The Productivity Fix
In my new keynote, I share the not-so-secret information that sometimes slows our productivity and offer up powerful solutions that are quite effective in increasing it.
It’s feels like the more effort we put in place to increase our productivity, the more hurdles pop up in an attempt to slow our progress.
Leadership, open communications and the ability to be resourceful are essential.
The problem is that constraints get in our way and limited resources only add to a decline in productivity. And, we’re often scrambling to keep our workload from getting the best of us.
There’s little doubt the each of us wants higher productivity, not less, when faced with these constraints.
It can affect any and all departments and all positions in the company as well. From leaders and management to first year employees.

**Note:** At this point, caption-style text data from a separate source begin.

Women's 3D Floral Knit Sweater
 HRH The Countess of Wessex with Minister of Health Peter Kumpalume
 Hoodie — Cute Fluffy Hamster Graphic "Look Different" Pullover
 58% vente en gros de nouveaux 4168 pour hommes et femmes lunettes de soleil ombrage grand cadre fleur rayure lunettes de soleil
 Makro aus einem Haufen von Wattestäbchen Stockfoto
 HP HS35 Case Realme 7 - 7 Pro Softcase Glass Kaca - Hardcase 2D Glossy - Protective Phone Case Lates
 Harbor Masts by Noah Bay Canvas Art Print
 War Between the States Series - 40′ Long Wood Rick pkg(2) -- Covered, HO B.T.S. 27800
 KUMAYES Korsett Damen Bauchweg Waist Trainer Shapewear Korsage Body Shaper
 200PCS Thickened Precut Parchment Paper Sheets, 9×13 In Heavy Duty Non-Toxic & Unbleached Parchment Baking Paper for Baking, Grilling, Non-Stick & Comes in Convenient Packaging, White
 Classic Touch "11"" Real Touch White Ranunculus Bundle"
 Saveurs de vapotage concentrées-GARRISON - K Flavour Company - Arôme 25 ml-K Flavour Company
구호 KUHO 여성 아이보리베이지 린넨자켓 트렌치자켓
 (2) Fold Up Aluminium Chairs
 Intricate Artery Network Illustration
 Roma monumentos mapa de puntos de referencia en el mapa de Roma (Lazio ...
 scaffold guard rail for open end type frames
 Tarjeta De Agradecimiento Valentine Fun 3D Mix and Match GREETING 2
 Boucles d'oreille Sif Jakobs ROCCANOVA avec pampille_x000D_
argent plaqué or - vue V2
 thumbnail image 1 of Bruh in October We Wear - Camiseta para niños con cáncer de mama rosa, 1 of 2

Sometimes, we’re aware of the barriers and other times not so much. But, it’s this desire to remove them that is essential to growing productivity, retaining employees and growing workplace satisfaction.
Think about what’s at stake
Sales, marketing, production, admin, HR, IT, company initiatives and more have the opportunity to receive and deliver more information if they can identify the staff that could benefit from it.
Our customers benefits too, because the sharing of information that is not secret or proprietary can increase sales, inventory and margins.
Resourcefulness is essential in increasing productivity as history shows us repeatedly.
Too often, we recognize and even complain about the resources we don’t have. We’re quick to point out what’s not working or why we cannot produce like we used to produce.
The answer is based on studies for my new book, 28 years in corporate America and workplace observations, both inside and on the streets, where deals are made and lost.
Think about Gates and Allen. They began with Traf-O-Data. It read and processed traffic tapes but was too expensive for municipalities. They failed.
But Paul Allen and Bill Gates of Microsoft fame took inventory of the resources they had, looked at multiple perspectives of these resources and focused on microprocessors.
These efforts would eventually lead them to an inexpensive desktop computer that ran on microprocessors for much less then what was available.
Today Bill Gates is worth $70 billion and Paul Allen $20 billion. That’s leadership and productivity!
To increase our workplace productivity we must consider multiple perspectives of the same resource.
Doing this while sharing information with coworkers and different departments at work will:
- Give you an advantage over your competition
- Increase productivity
- Grow employee retention
What are you going to do to assist your teams to increase their productivity?